How is this different than is the case in proof theory? In proof theory symbols are often overloaded in the sense that, in a sequent calculus, the symbol on the left means something different than on the right. Two examples are the comma, behaving conjunctively on the left and disjunctively on the right, and the empty sequence, acting as the true on the left and the false on the right. The difference between proof theory and the situation in the 19th century is that the overloading in proof theory is systematic. One can easily figure out what is going on based on its context. Not so with the algebraists. Grattan-Guinness, and Badesa, indicate different points in proofs in which a symbol slides from, say, a propositional interpretation to one that doesn’t have a clear propositional meaning.
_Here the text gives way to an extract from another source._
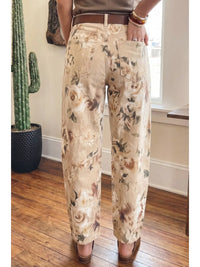 66 Western Retro Floral Print Relaxed Barrel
Often times, it seems, the logicians themselves did not make the distinctions and did not notice that they were slipping between the distinct senses. The overloading in proof theory is benign and useful whereas in the case of the 19th century algebraists it was confusing and sometimes hampered understanding.

Other examples are the signs for membership and set-inclusion, also things Frege harped on. Some logicians used membership and inclusion interchangeably. One reason Grattan-Guinness gives is that they were taking membership to be along the lines of the part-whole relationship of mereology, though he didn’t use the word “mereology.” While for some, this slip was due to unclarity about the concepts involved, this particular instance of overloading wasn’t seen as bad. Peano apparently was guilty of it, and Quine, in an article on Peano’s contributions to logic, said that he was right do so. One gets an interesting set theory, one Quine liked, if one doesn’t distinguish an element from its singleton, and so treating membership the same as single element inclusion.